Although we cannot definitively state that Roy embarks on this Freudian space journey to “kill his father,” his father’s death redirects his focus towards the things he truly wants in life and allows him to find solace and take a deep breath, freeing him from the memories that had kept him stuck in the past. In a way, his father’s death forces Roy to confront himself; this confrontation is something he has desired and sought since childhood, yet he never fully grasped its significance until this event unfolded.
Ancient Influences and Emotional Foundations in Ad Astra
Ad Astra should not be compared to recent science fiction films; its story is rooted in ancient mythology. The “father dilemma,” always lingering as a hidden subject in the early parts of the film, becomes an excuse for Roy’s space journey. When combined with the claustrophobic settings of solitude and self-confrontation, the philosophical problems and questions the film aims to convey reach us with utmost clarity through Roy’s words and thoughts.
James Gray, who serves as both the director and screenwriter of the film, appears to be heavily influenced by Ancient Greek mythology. Considering his recent works that have transformed Hollywood’s lack of storytelling into narratives, it is not surprising to see him embellish concepts such as intergalactic travel and space adventure. Gray masterfully handles this in Ad Astra. The constant urging of Roy’s father for him to let go of himself completely and launch himself into the realm of stars clearly brings to mind the fall of Icarus.
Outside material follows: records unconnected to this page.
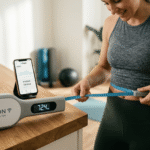 Cason Smart Digital Body Tape – The Smartest Way to Track Fitness Progress at Home
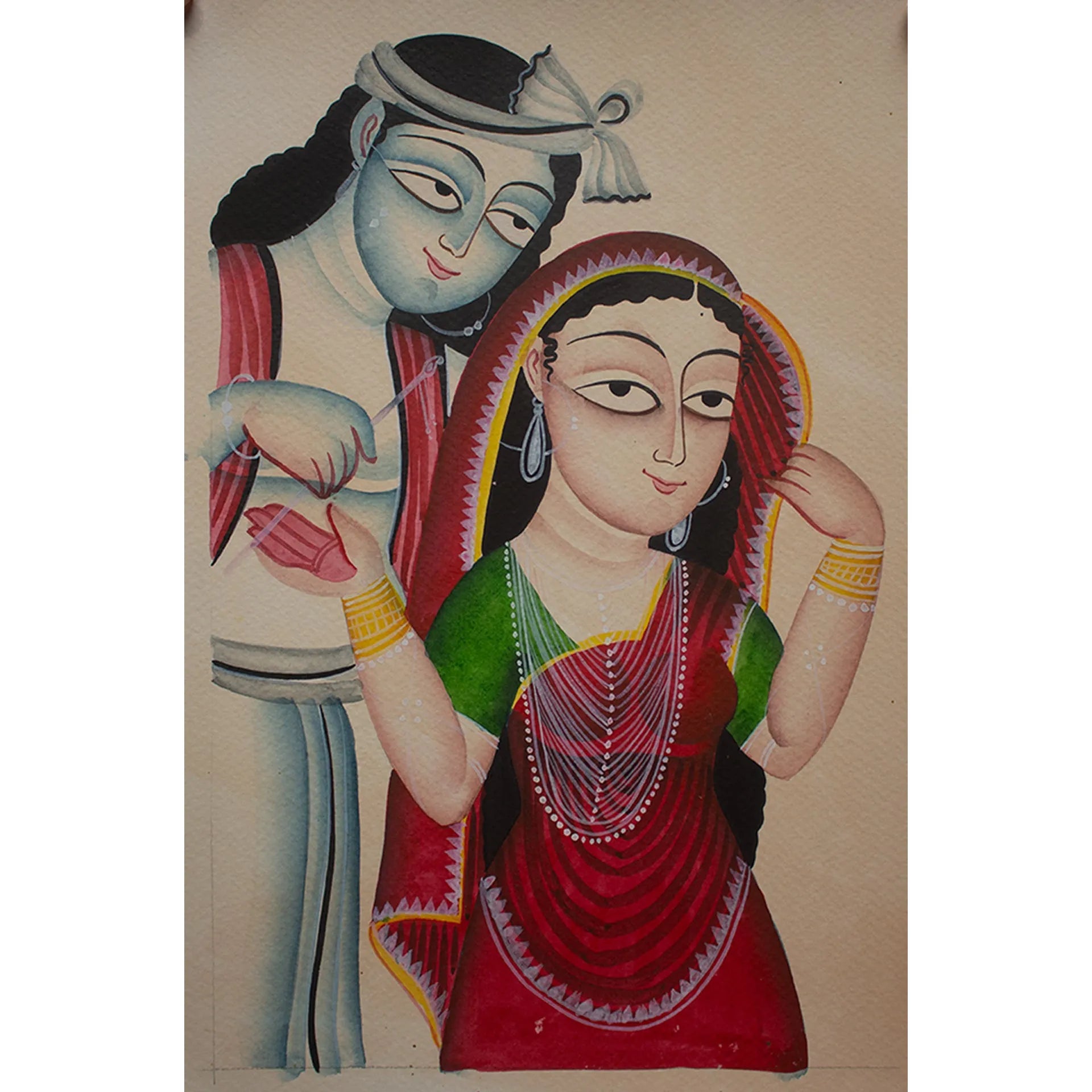 Kalighat - Babu Biwi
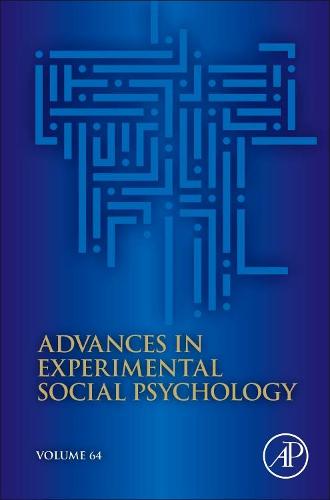 Advances in Experimental Social Psychology Volume 64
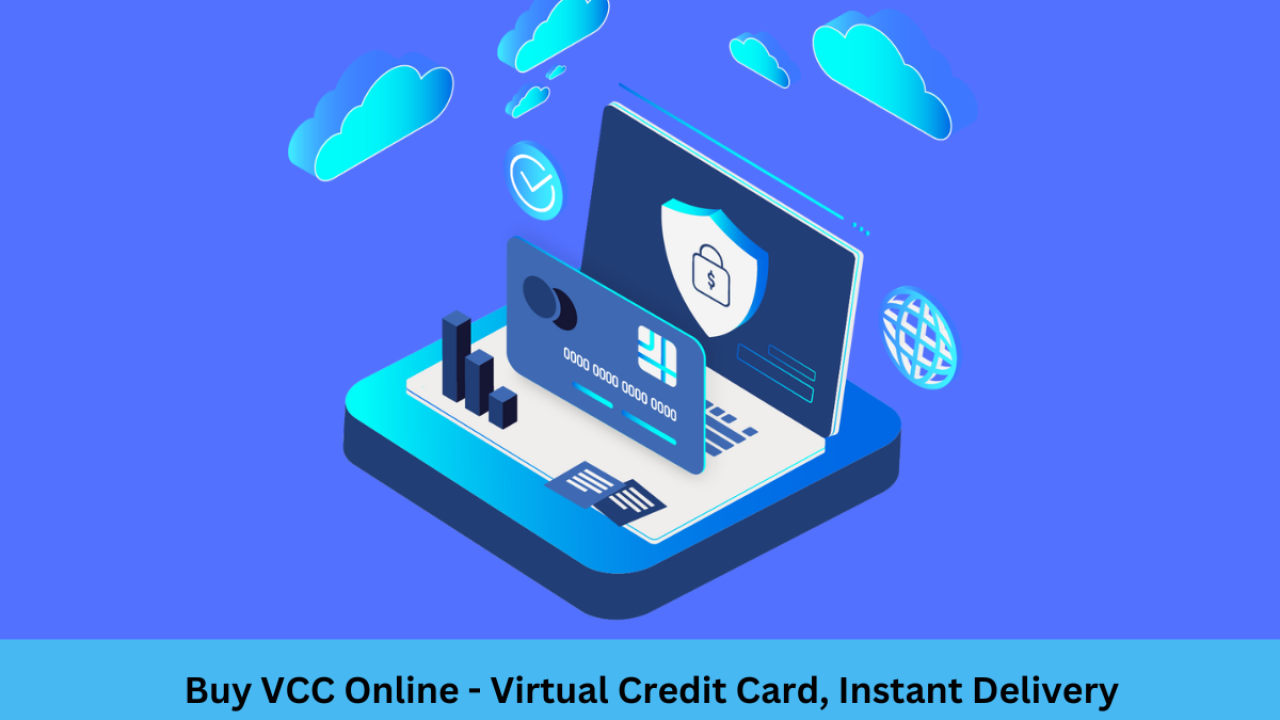 Buy VCC: A Guide to Virtual Credit Cards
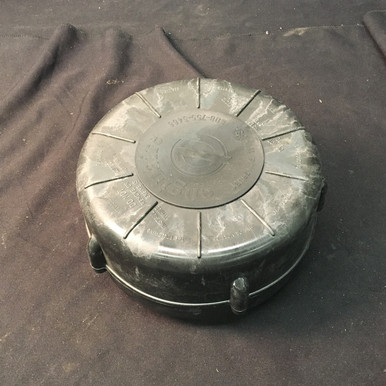 900-6902-33: Enginaire Pre-Cleaner Plastic 4" Jd/Perkins/Cat 86-125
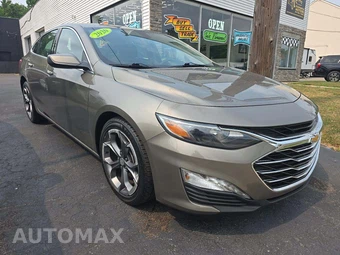 2020 Chevrolet Malibu LT 1LT - miniatura 4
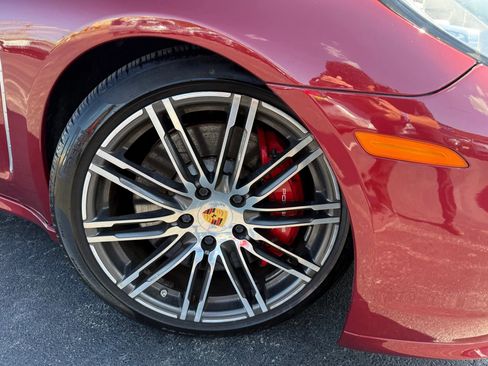 Used 2016 Porsche Panamera Turbo image 78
The director constructs the film’s dialogues in a didactic manner, often presenting them as monologues that leave question marks in the viewer’s mind. One of the most important points that can be made about Ad Astra is that it should not be compared to Stanley Kubrick’s 1968 masterpiece, 2001: A Space Odyssey, as the main stories they draw inspiration from represent different branches. Ad Astra has a stronger emotional foundation compared to other science fiction films, and in this regard, we can see how the director establishes contrasting elements for a science-fiction film and turns Roy’s character into an anti-hero in the eyes of the audience.
In science fiction films, we are accustomed to the dark ambiance that the “enclosed space” presents, but when the melodies of a genius like Max Richter penetrate that darkness, you can’t help but yearn to immerse yourself among the stars.
Ad Astra teaches us that sometimes, one seeks the meaning of life not just behind the door but outside the confines of our world. Roy was fortunate because he found the meaning of his life while venturing among planets. But what if that wasn’t enough? Does it mean that the meaning of life lies beyond the reach of interplanetary exploration? Perhaps we need to set sail for other Ad Astras.
Humanity’s Quest and Lessons in Ad Astra
The reference to humanity’s tendency to create worlds other than Earth, wherever they go, ultimately making them worse in their quest to build a better living space, points to the insatiability of humankind.
Even in the Ad Astra universe where interplanetary travel is normalized, the fact that everything is still based on money and material possessions indicates that humanity’s mindset of consumerism has not progressed.
And most importantly, we appreciated James Gray for naming the film Ad Astra. Although we may not consider the film excellent in terms of evaluation, the reference to Virgil’s Aeneid in the film’s title impressed us greatly. In this sense, Ad Astra is like an underlying lesson in mythology.